Wayne McGregor’s Morgen! and Frederick Ashton’s Dance of the Blessed Spirits are the first pieces of live dance — streamed in real time from an empty auditorium — to come out of Covent Garden since March. Unaware that recordings would be available afterwards, I clung to these fleeting displays with the panic of grandparents on a Zoom call, furiously, helplessly slapping the screen whenever it buffered.
Both are quick ballet interludes to longer opera programmes — not afterthoughts, exactly, but not centrepieces either, though with two shirtless danseurs and a beloved ballerina between them, they do just fine asserting their presence. Vadim ‘the Dream’ Muntagirov tackles the Ashton work, reaffirming his repute with a soulful take on this five-minute lamentation, choreographed in 1978 to Gluck. With his lyrical hand gestures and silky, wistful turns, Muntagirov all but begs us to witness his melancholy. His leaps are spongy, his lines supple and searching. Best of all are his développés derrière, which unfold like spun sugar against flautist Katherine Baker’s quivering notes.
I expected itchy energy from Francesca Hayward and Cesar Corrales in McGregor’s Strauss-scored piece — the ins and outs of their self-isolation have been well documented on Instagram — but the new work is a polished gust of amorous clasps, more tender than McGregor’s usual fare and more accessible too.
We open with a serene close-up of Hayward reciting verse from the poet John Henry Mackay: ‘Upon us will descend the muted silence of happiness.’ Wide-eyed and soft-tempered, she’s a doe at the riverbank, while her partner slinks in with more of a serpentine vibe, coiling his torso in currents that send his limbs skittering. These visages compete more than harmonise — with Corrales’s graphic undulations winning out — though the overall effect is fluid, intimate, especially when muscular lifts morph into sensual cradles.
BBC Four’s new series Danceworks profiles four recent productions and their creators. ‘Firedance’ is the flashiest of all: an eye-grabbing mash-up of ballroom, Latin and contemporary dance from Strictly stars Gorka Marquez and Karen Hauer. Between the stylised primping (witness Marquez running a personal massager over his pecs) and the low-stakes conflict (think train delays on opening night), it’s a fairly predictable narrative. Can the good people of Ipswich handle this hot-and-heavy display? Yes, it turns out! But we’re promised fire, and the duo does sizzle, even when they’re sweating it out in their Fulham studio, away from the glitter and pyrotechnics.

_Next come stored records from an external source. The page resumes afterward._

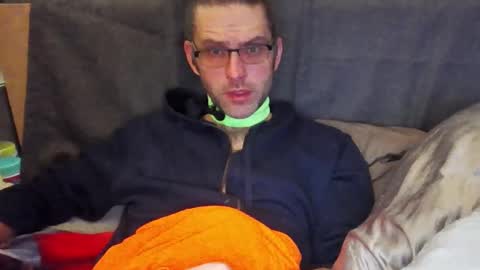 Snapshot of cuteteddybare chatting on April 21, 7:17 pm cuteteddybare online show from April 21, 7:17 pm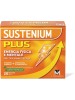 SUSTENIUM Plus Tropical 20Bust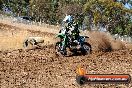 Champions Ride Day MotorX Broadford 27 01 2014 - CR0_8699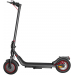 Elektrická koloběžka SENCOR Scooter S31 - Elektrická koloběžka SENCOR Scooter S31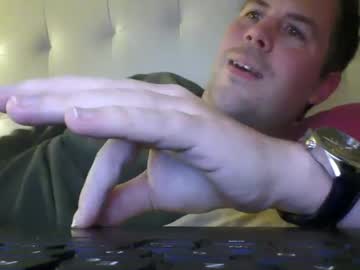 Boycamalex December 26, 2024 Chaturbate stream image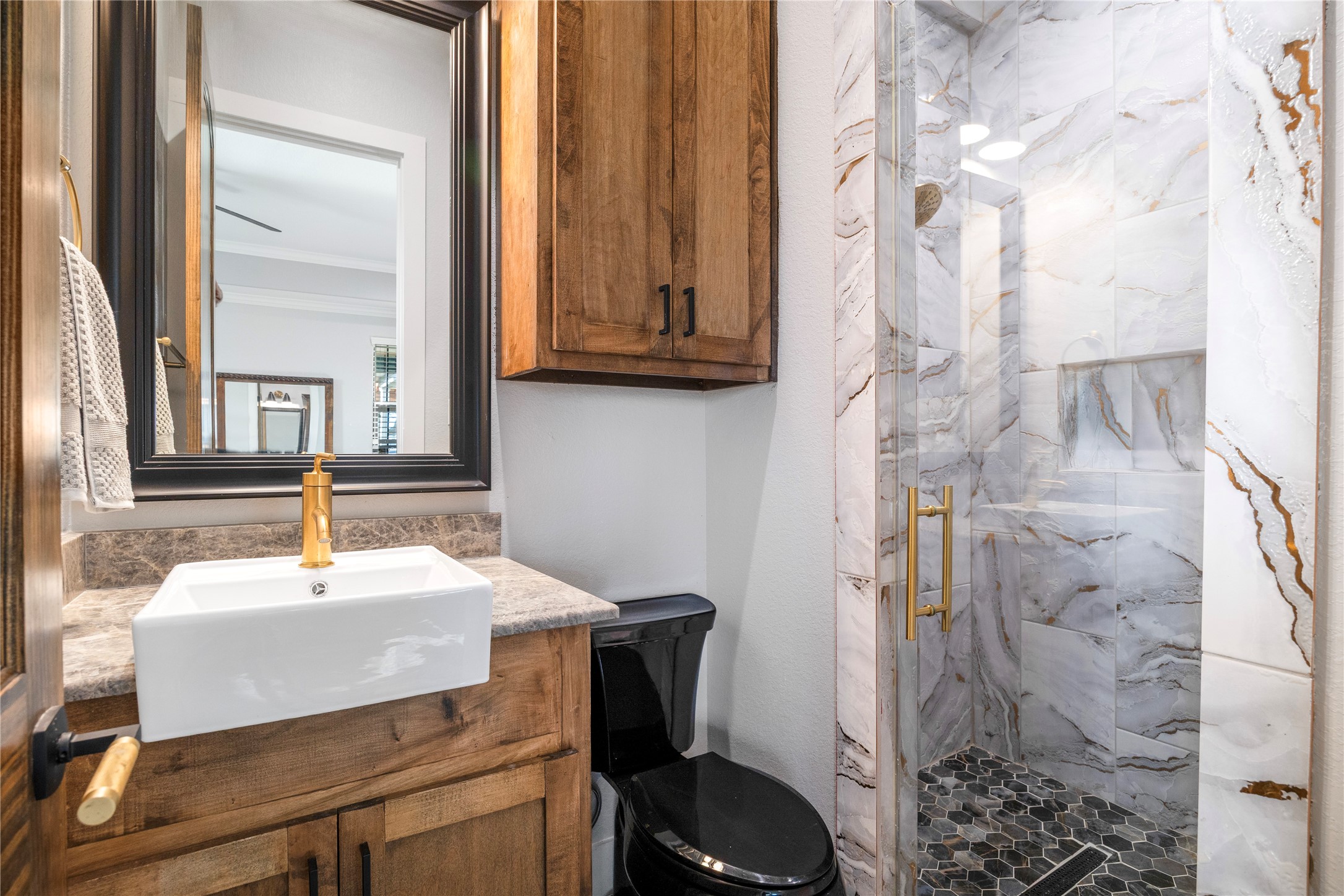 30930 Waller Spring Creek Road, Waller, TX 77484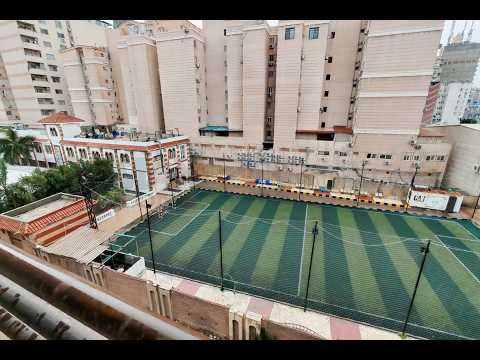 صورة مصغرة لفيديو العقار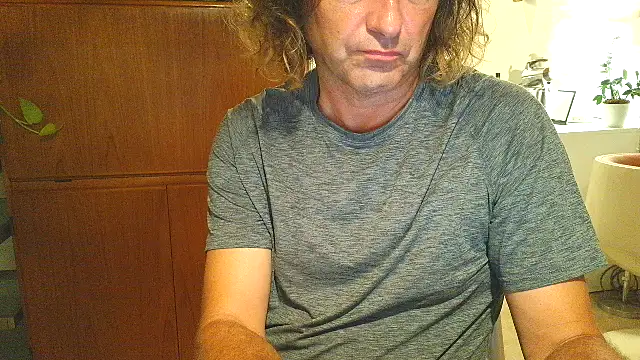 costanza7070 online show from September 27, 7:50 am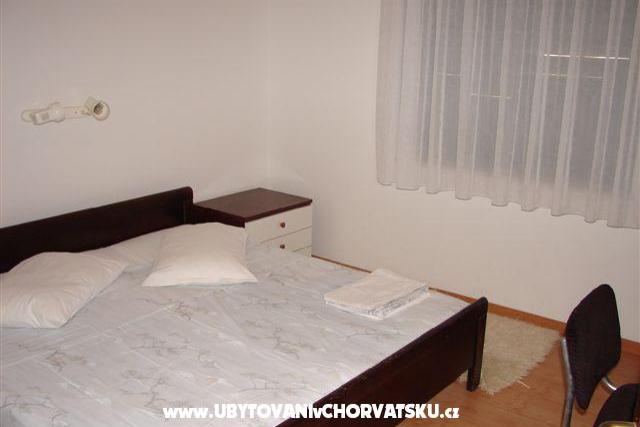 Villa Anamarija – photo 5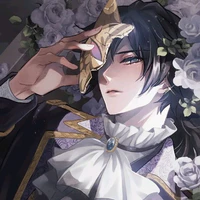 giyuu tomioka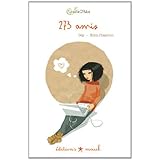 Détails sur le produit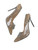 Used Unbranded High Heels 8.5 60119-S000108121 View 3
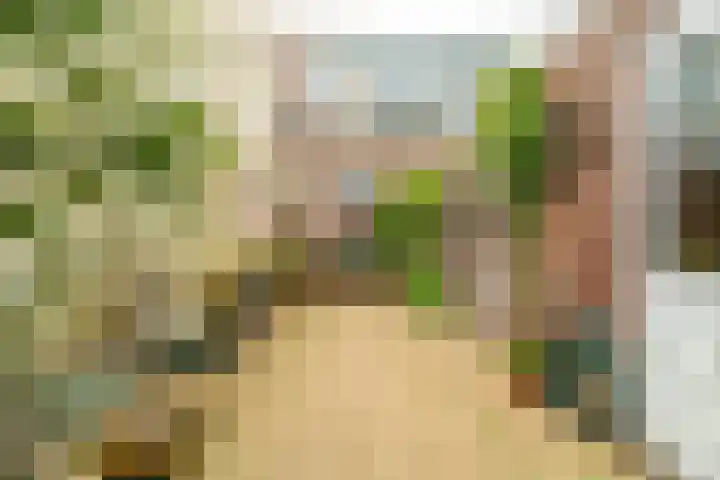 Rijnegommerstraat 20 Zoeterwoude thumbnail 6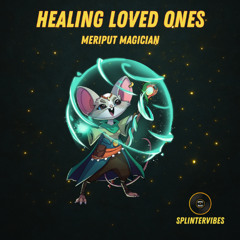 Meriput Magician - Healing Loved Ones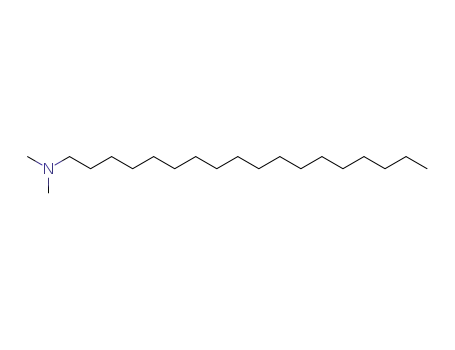 N,N-dimethyl-n-octadecylamine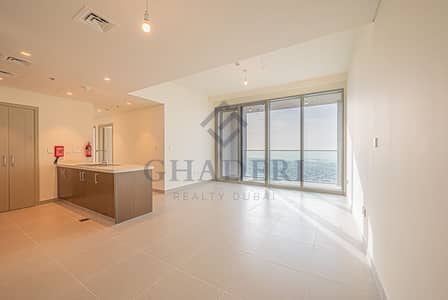 2 Bedroom Apartment for Sale in Downtown Dubai, Dubai - DSC_7306. jpg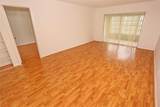 6700 Royal Palm Blvd - Photo 9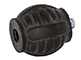 Shrewd Stabiliser Dampener - click for more information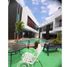 5 Schlafzimmer Villa zu vermieten in Tuxtla Gutierrez, Chiapas, Tuxtla Gutierrez, Chiapas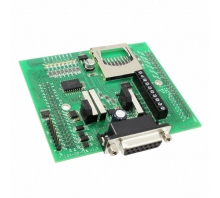 PTC-04-DB-FL bild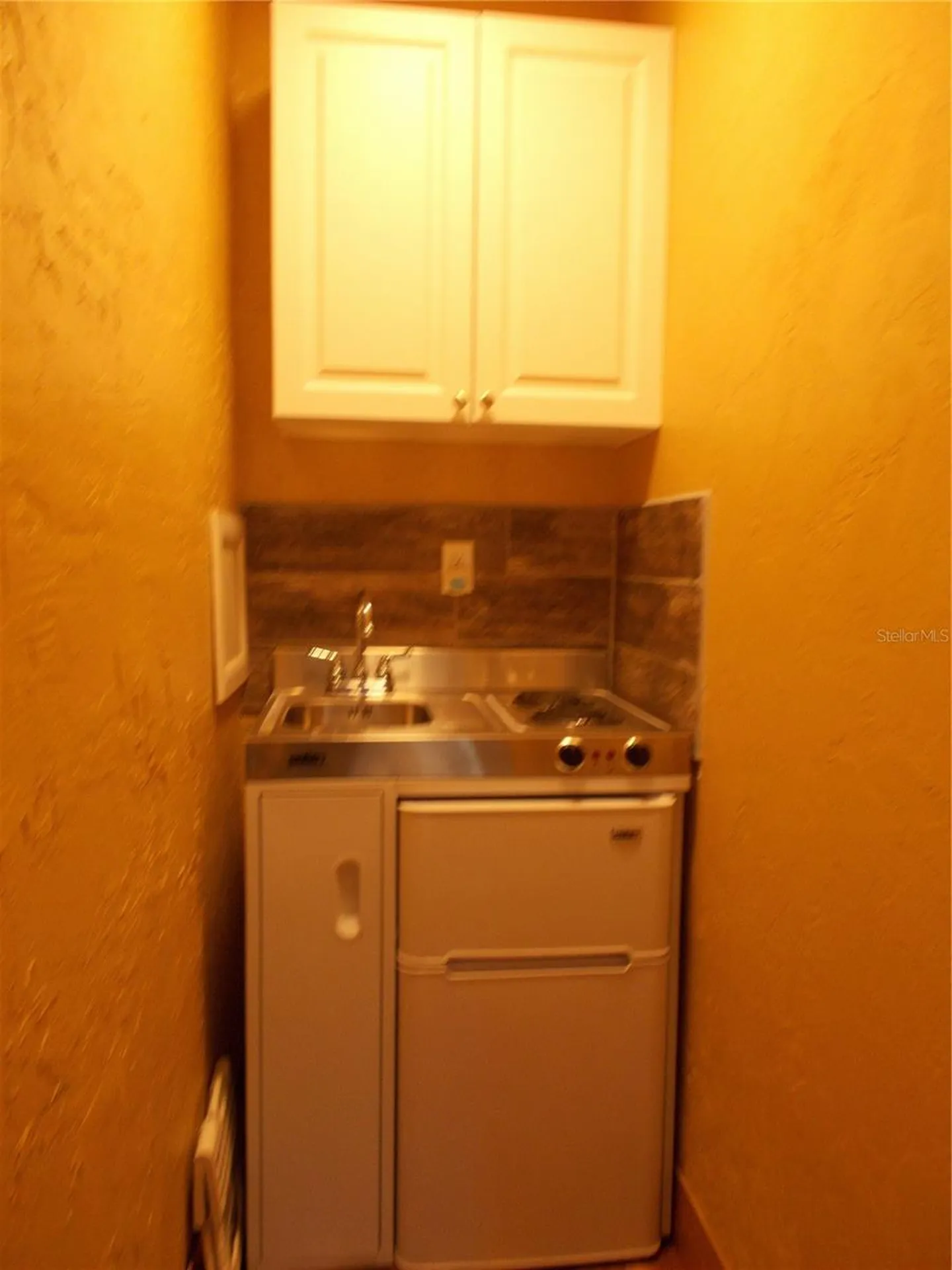 543 Maple Leaf Court Haines City FL 33844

Contemporary choreographer Sharon Eyal is more elusive. The filmmakers, possibly unnerved by her offbeat sensibility, decide to present her creation with little comment. We see Eyal’s dancers bobbing like sexy androids while she throws out directions such as ‘now come the screams’. Her interviews to camera feature righteously smeared lipstick and a casual declaration that she favours extremity. I would’ve loved a deeper dig into the nuances of her body-pumping style — the eroticism and ecstasy it conjures — but that would require more time and a different tack; the series is for the generalist, focused on introducing names and ideas, not investigating them. It’s fascinating all the same, with some zippy shots of her company’s stomping grounds in Tel Aviv, and of their month-long residency in a Peckham car park, which culminates in a vivid première.
We’re into beefier territory with Ballet Black, a company founded in 2001 to address the under-representation of BAME dancers in British ballet. The story here is how BB’s outreach and commercial crossover — which reached new heights last year, when they performed with Stormzy at Glastonbury — have inadvertently exposed the troupe to a wider pool of racist commentary than ever, including demands that they justify their existence (and, for some reason, solve the issue of knife crime). Founder Cassa Pancho’s poise surges to the fore as she patiently explains why ‘Ballet White’ is not an initiative that’s needed. We also hear from budding choreographer Mthuthuzeli November, who discusses his enthusiasm for showcasing the human body in all its earthly, sweaty glory — a point duly underscored with footage of the BB ensemble bounding and chugging in rehearsals for his new ballet, The Waiting Game.
Politics rears its head again in the final episode, a look at flamenco veteran Maria Pages. Ode to Time is her biggest production after 40 years in the business, and seeks to transcribe the distinctive cadence of Hitler’s wartime speeches into a sort of choreographic commentary. The duende, or soul, of the dance bursts through the screen every time Pages whips out the footwork. More than any other episode, this one captures a dancemaker taking deep, unfiltered pleasure in her creations.